In this activity, we will look at the calculation and interpretation of the gradient for
\(f(x,y,z)=x+y-z\) and
\(g(x,y,z)=z-x^2-y^2\text{.}\)
(a) Calculate
\(\nabla f\) and
\(\nabla g\text{.}\)
(b) Sketch the level surfaces of
\(f\) for the values
\(k=\{-2,-1,0,1,2\}\text{.}\) Write a few sentences about the shape of each of these level surfaces and describe how the level surfaces change in terms of the value of
\(k\text{.}\)
(c) Write a few sentences about how the direction and magnitude of
\(\nabla f\) is related to the level surfaces from the previous part.

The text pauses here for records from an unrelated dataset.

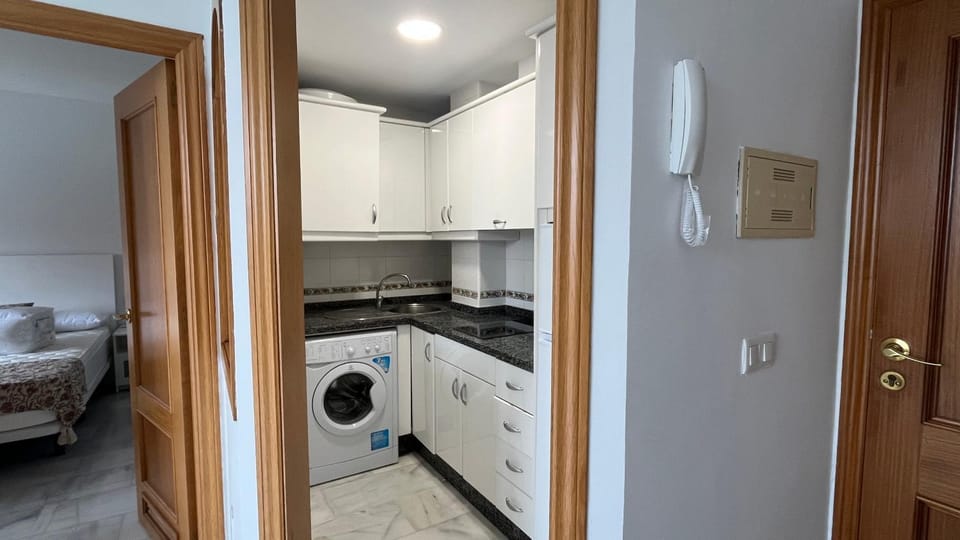 Kitchen or kitchenette, washing machine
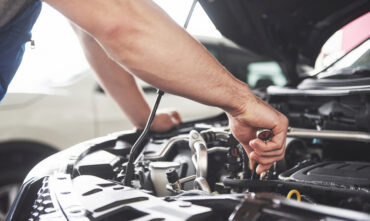 close up of hands doing maintenance under hood of car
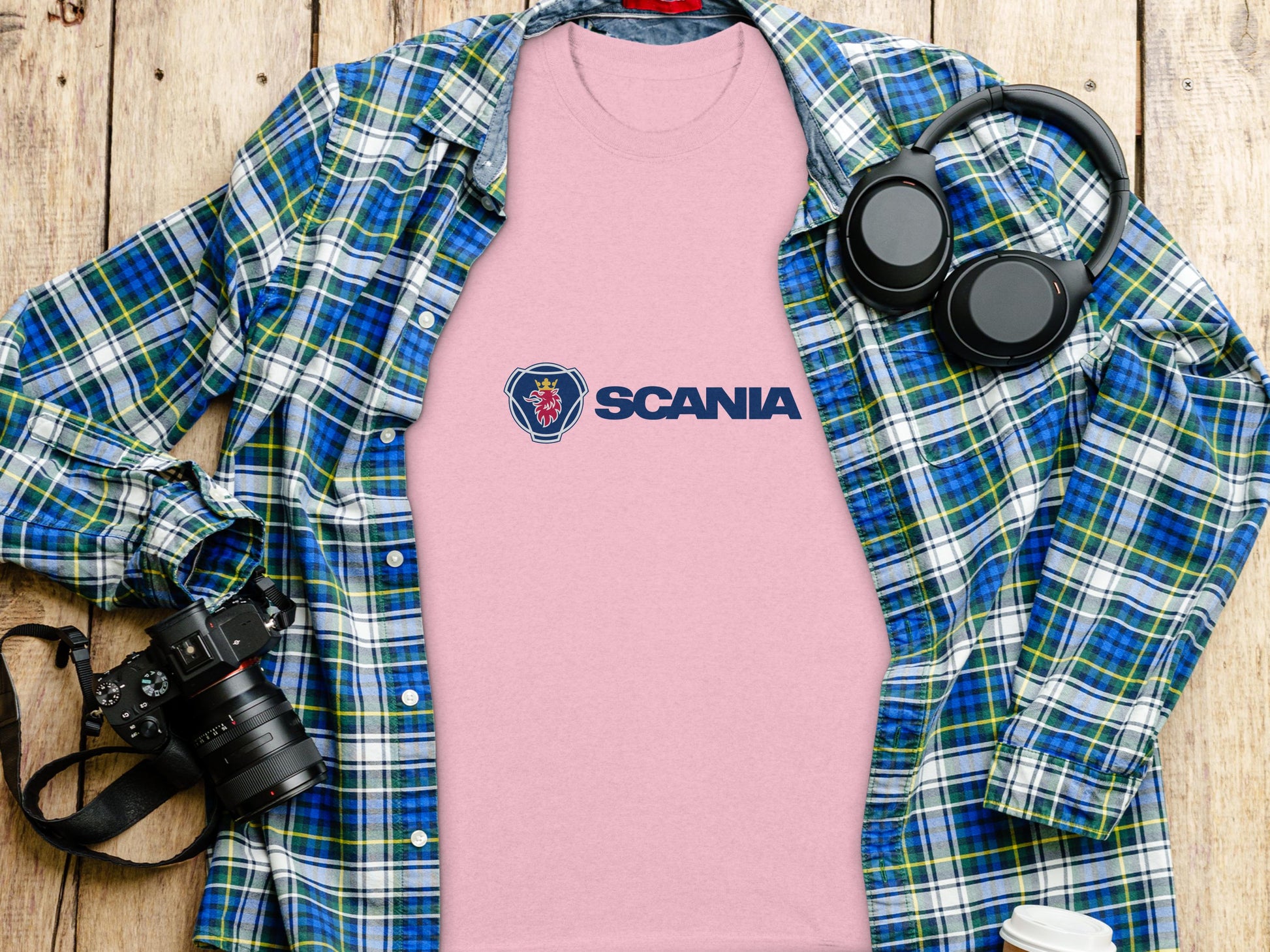 A soft pink Scania Logo T-shirt by Garment Graphics rests on a wooden surface, surrounded by a green and blue plaid shirt, black headphones, a camera, and a white mug with a lid—a charming ensemble of Scania merchandise.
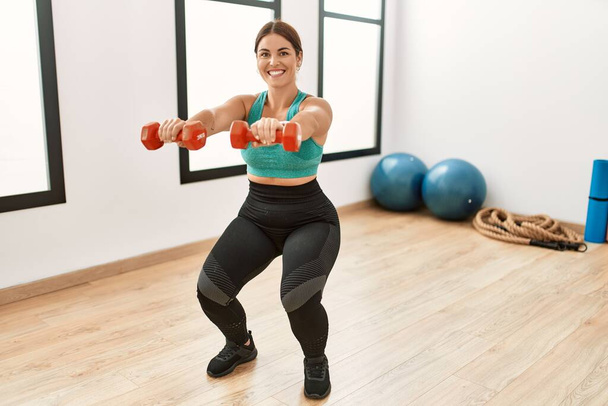 Fiatal gyönyörű spanyol nő mosolyog magabiztos segítségével súlyzók edzés a sport központ - Fotó, kép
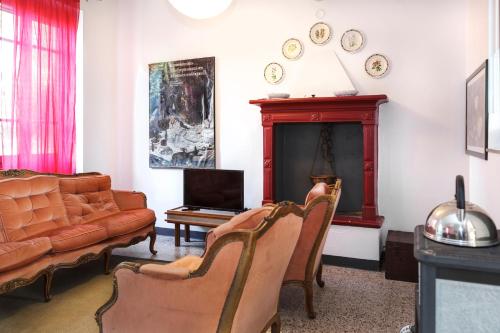 a living room with a couch and a fireplace at Cascina Scanna in Cisliano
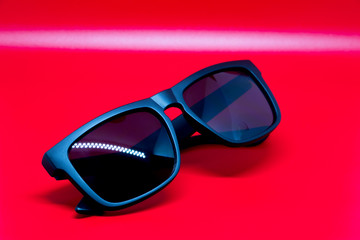 Fashion sunglasses isolated on red background, black plastic.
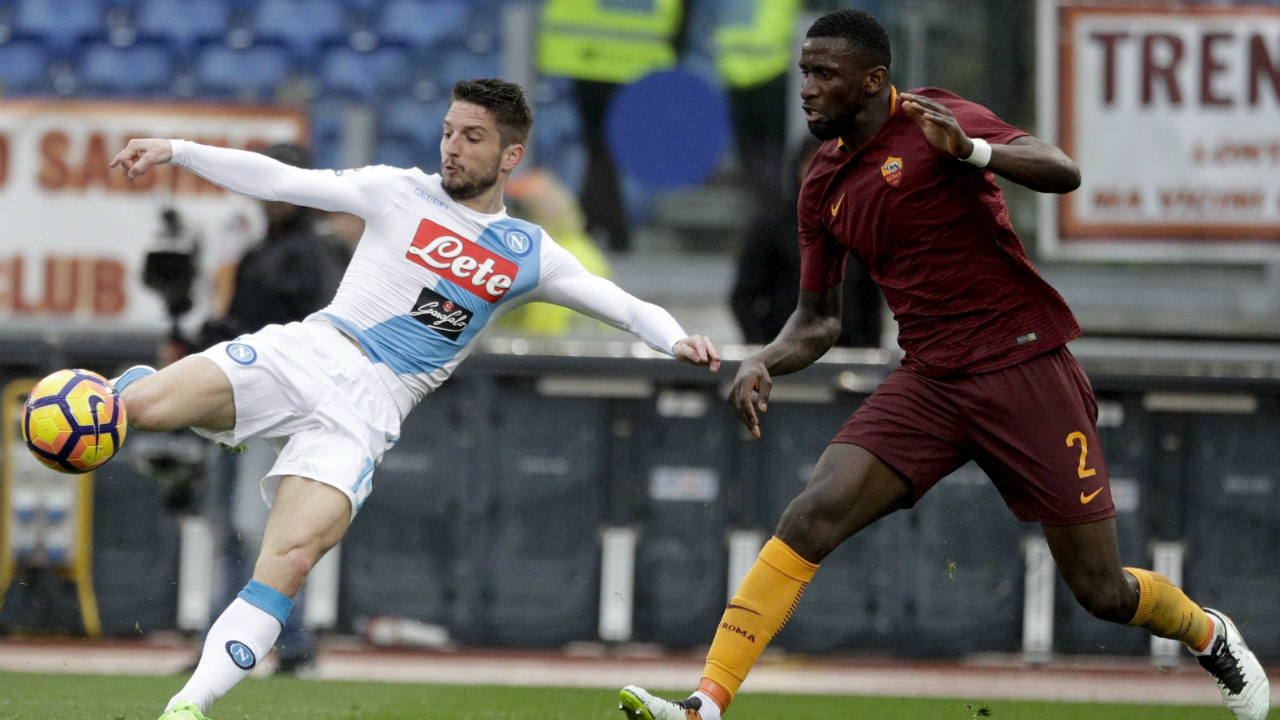 Napoli's-Dries-Mertens,-left,-kicks-the-ball-past-Roma's-Antonio-Rudiger-during-a-Serie-A-soccer-match-between-Roma-and-Napoli,-at-the-Rome-Olympic-stadium,-Saturday,-March-4,-2017.-(Gregorio-Borgia/AP)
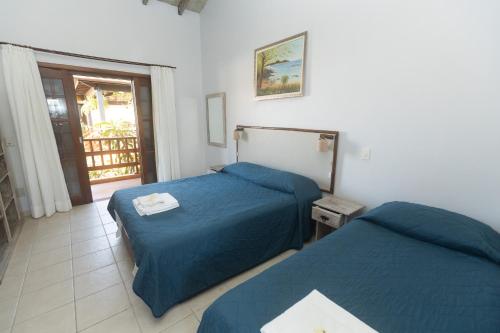 a bedroom with two beds and a balcony at Pousada Mata Atlantica Juquehy in Juquei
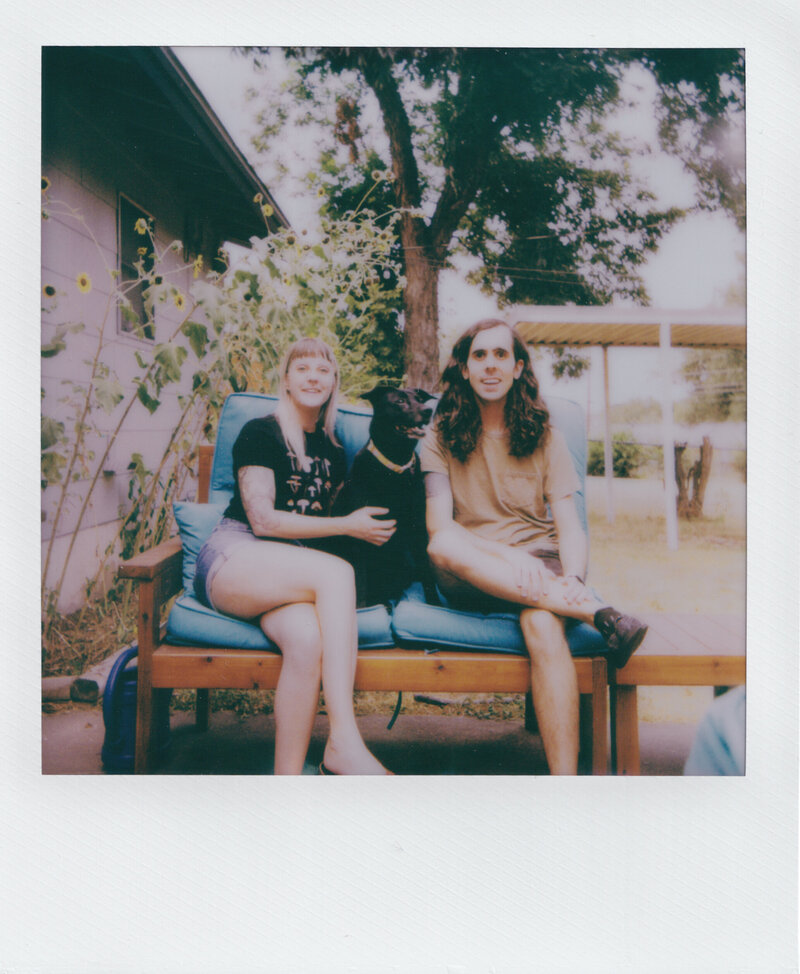 polaroid of couple with dog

(d) Sketch the level surfaces of
\(g\) for the values
\(k=\{-2,-1,0,1,2\}\text{.}\) Write a few sentences about the shape of each of these level surfaces and describe how the level surfaces change in terms of the value of
\(k\text{.}\) You may find it helpful to notice that each of the level surfaces can be expressed with
\(z\) as a function of
\(x\) and
\(y\text{.}\)
(e) Write a few sentences about how the direction and magnitude of
\(\nabla g\) is related to the level surfaces from the previous part.